TASK REQUIREMENTS. Your answer must be the exact lines below, starting with the line with "Used Peugeot 508" and going on through the line with "Fiat 500 d’Epoca", both included, with no pictures.

DATA RECORDS.
■ ■ ■ ■ ■ ■ ■

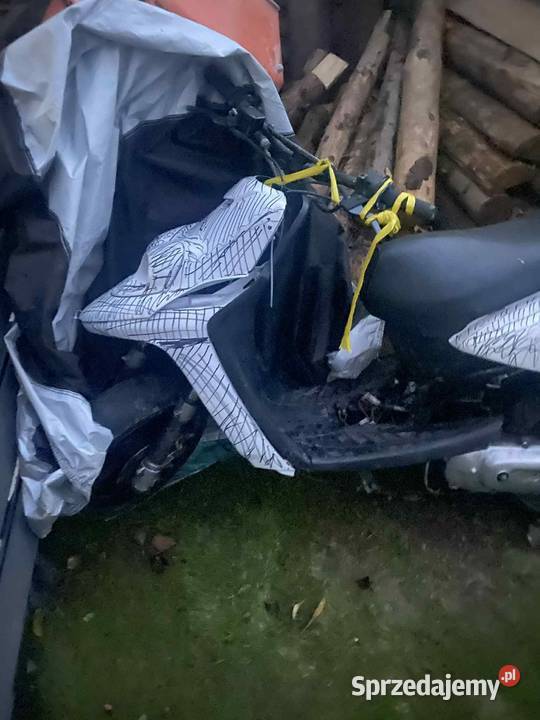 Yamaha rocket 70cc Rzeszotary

■ ■ ■ ■ ■ ■ ■

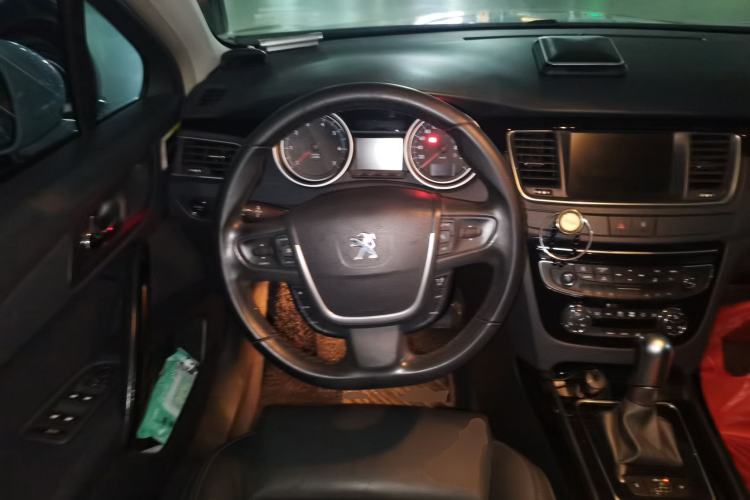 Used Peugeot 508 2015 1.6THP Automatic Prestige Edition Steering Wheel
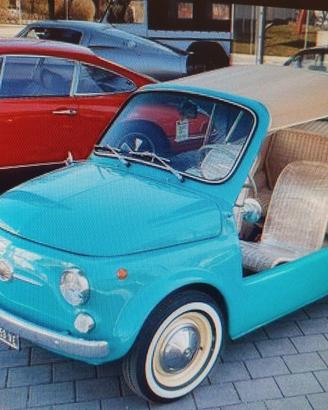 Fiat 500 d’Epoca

■ ■ ■ ■ ■ ■ ■

EXPECTED OUTPUT.
 Used Peugeot 508 2015 1.6THP Automatic Prestige Edition Steering Wheel
 Fiat 500 d’Epoca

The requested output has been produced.